The rare newcomer is greeted by gratitude mixed with incredulity. Kerry Slattery, manager of the fledgling Skylight Books, a 2,000-square-foot literary store in the Los Feliz section of Los Angeles, says customers ask, “You’re just selling books?” The store is owned by a group of 10, including some actors and an acting teacher who owns the building. “We don’t want to be all things to all people,” Slattery says. “We want to make our departments deeper and smarter.”

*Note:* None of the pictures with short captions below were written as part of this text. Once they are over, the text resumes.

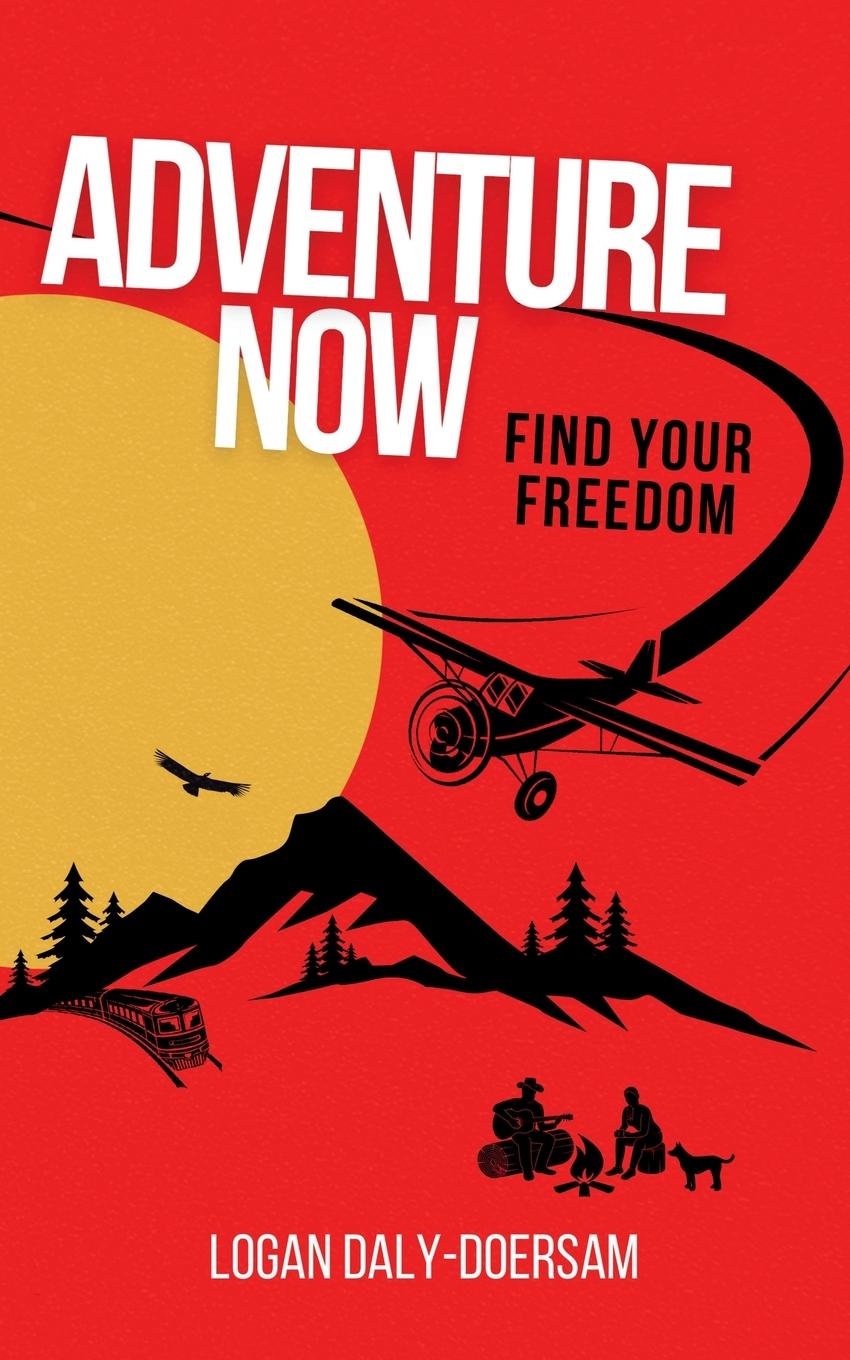 Cover: 9781738697601 | Adventure Now | Find Your Freedom | Logan Daly-Doersam | Taschenbuch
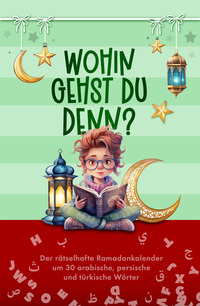 Vorderes Coverbild Wohin gehst du denn?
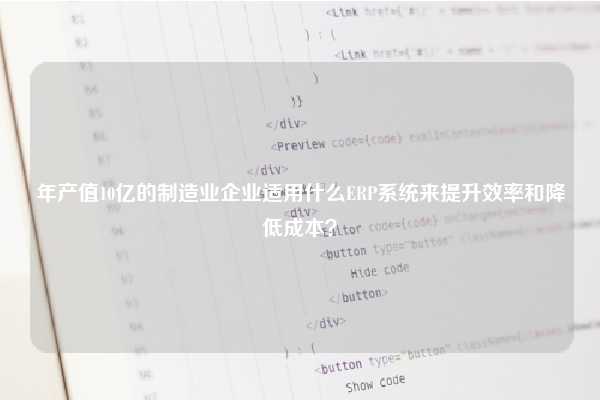 年产值10亿的制造业企业适用什么ERP系统来提升效率和降低成本？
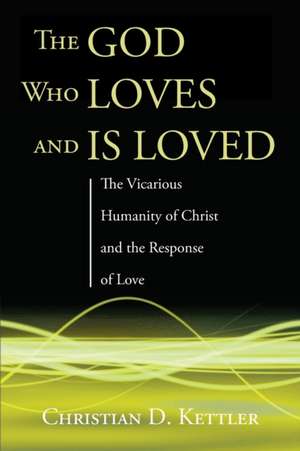 The God Who Loves and Is Loved de Christian D. Kettler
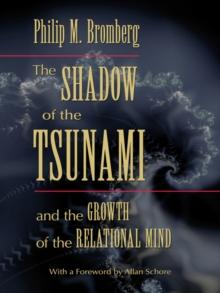 The Shadow of the Tsunami : and the Growth of the Relational Mind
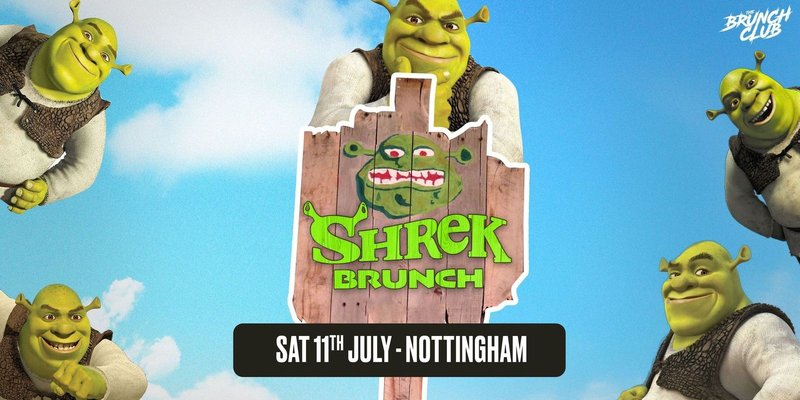 Shrek Brunch - Nottingham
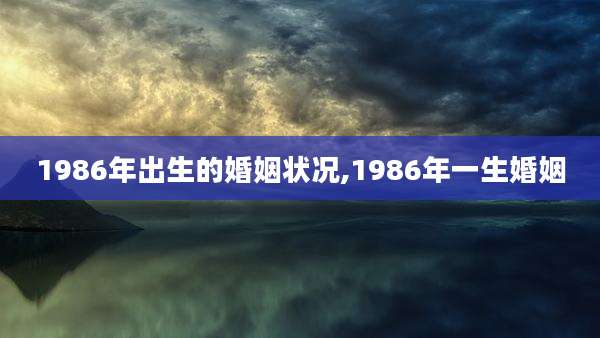 1986年出生的婚姻状况,1986年一生婚姻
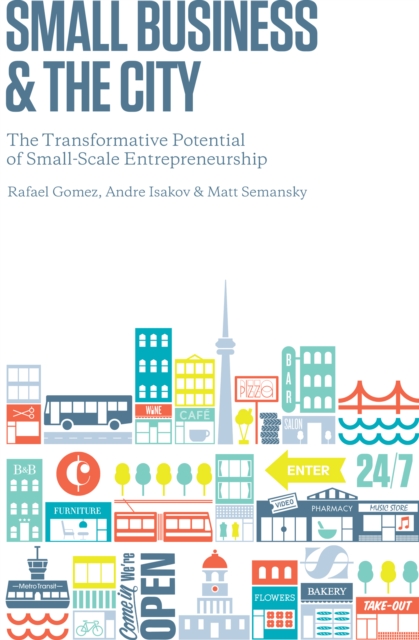 Small Business and the City : The Transformative Potential of Small Scale Entrepreneurship, Paperback / softback Book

How to translate that commitment into retail terms is the task that the independents face every day of their work lives. Dan Cullen, editor of the trade magazine American Bookseller, recently advised indies to consider themselves personal information managers rather than tradespeople. In his view, the true role for the bookstore of the future, and the key to its survival, is as a source of continuous, in-depth, one-on-one dialogue with its customers. In this vision of bookseller as social director, stores must reach out via e-mail, the web, customer databases, and whatever other resources they can cultivate to discover what valued customers want to read and whether they’d like to meet other people interested in the same subjects. With 50,000 titles published annually in the United States, we need help moving through the thicket from a partner who cares enough to keep our intellectual and other needs in mind, someone whose job is to serve us. We have money managers for our money–why not information managers for our minds? Stranger things have been dreamed of.